As reasoned above, we do not have a file format that does not support complex in our production workflows. Due to the reasons above (maintenance, reference implementations, upgrades, etc.) I would not standardize this until someone has a concrete example workflow where this is needed.
You are of course welcome to provided PRs to the reference implementations (viewer, API, validator scripts, upgrader, VisIt, ...) with concrete challenges that cannot be addressed otherwise and we can move the priority up. But I do not see the need right now with the tools and file formats we are using. I think this is a file format task and we intentionally rely on file formats for such things, because it's the scalable and maintainable thing to do.

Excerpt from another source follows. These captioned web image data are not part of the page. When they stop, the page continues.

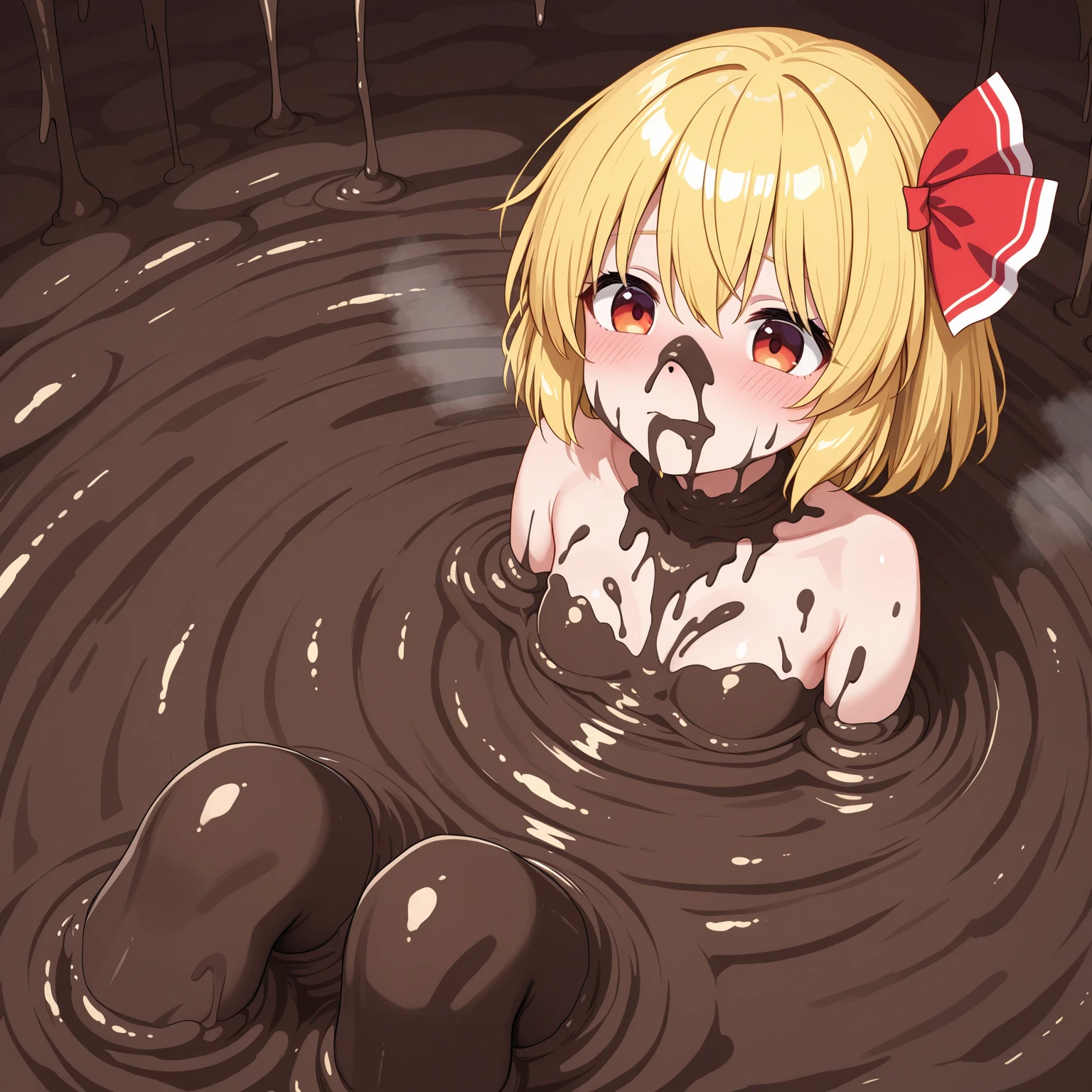 One、Wearing no clothing、Soaking in a bathtub filled with feces、Lying helplessly in the bathtub、Yellow Hair、Standard Bust Size、Eyes are dead、Scared、Pale、Nipples、My body is covered in a lot of feces.、Feces dripping from the mouth、My face is covered in feces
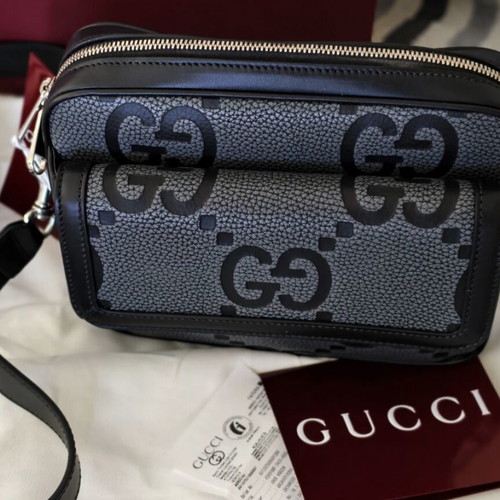 Gucci GG Jumbo μικρή τσάντα χιαστί καινούργια, μαύρο και γκρι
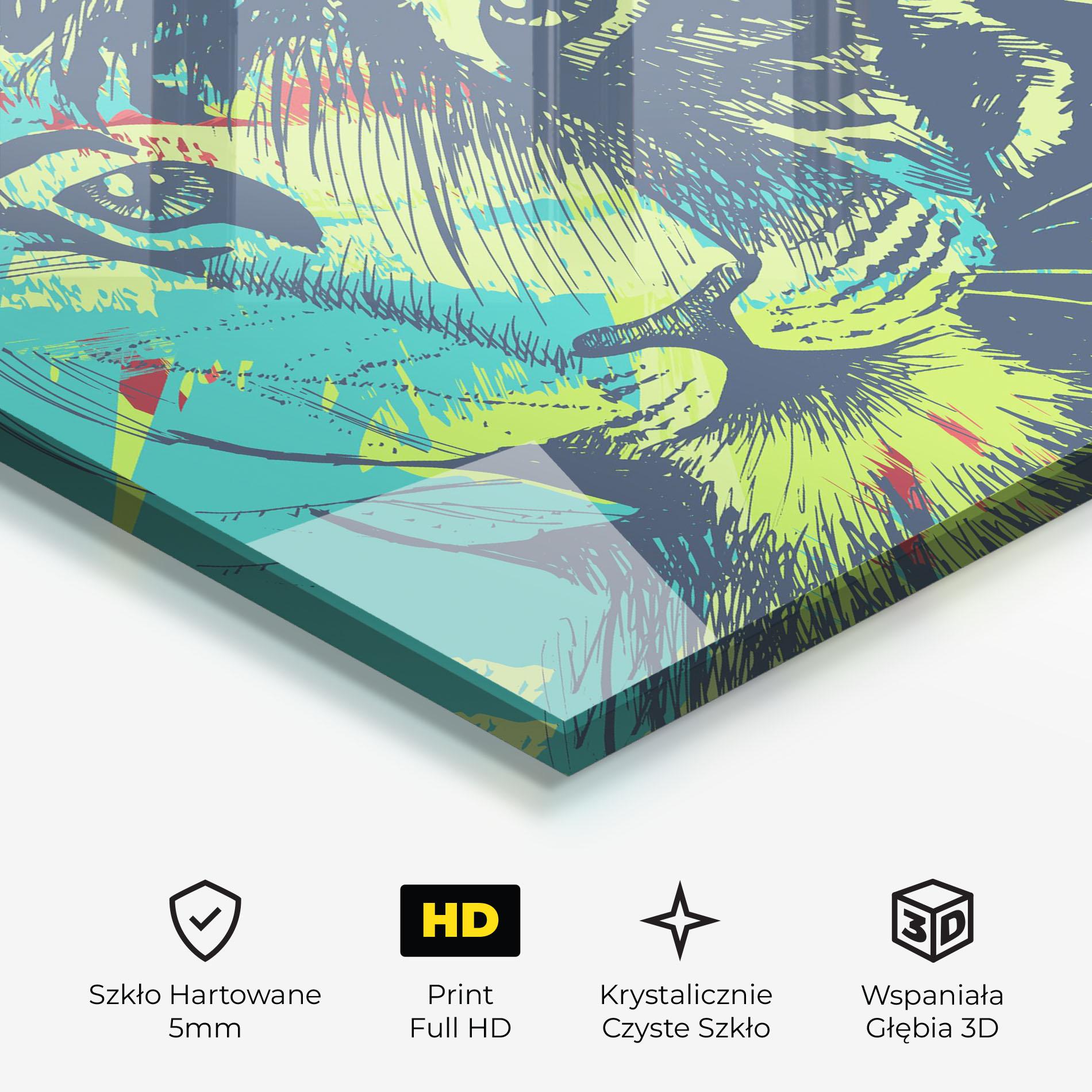 Obraz na Szkle Blue Green Tiger mockup 3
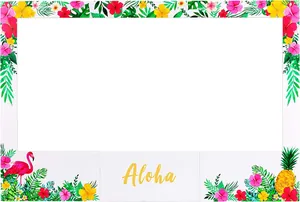 Detailansicht des hawaiianischen tropischen DIY-Fotorahmens mit Aloha-Schrift und Flamingo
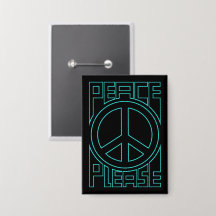 Peace Please Turquoise Outline Lettering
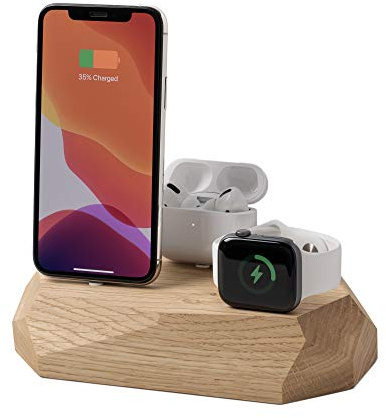 Oakywood - Station de charge Apple 3-en-1 pour Watch, iPhone et AirPods - 2x connecteur Lightning USB-A inclus - Triple dock - Chêne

We can have a VC in new year if you like to talk more about this.
As reasoned above, we do not have a file format that does not support complex in our production workflows.
This is not true. Let me quote again from https://mathematica.stackexchange.com/questions/63983/hdf5-and-complex-numbers
HDF5 does not directly support complex numbers. Programs that do seem to be able to export complex numbers (like armadillo) to HDF5 will in reality split them into real and imaginary part and use their own non-standard convention for storing these. This means that while they can sometimes read back their own data, there is no compatibility between different software regarding storing complex values in HDF5.
In terms of maintenance, reference implementations, upgrades, etc., my proposal is actually superior to using a struct since there is less code to write.
I agree with the @DavidSagan 's post above for labeling 're' and 'im' datasets.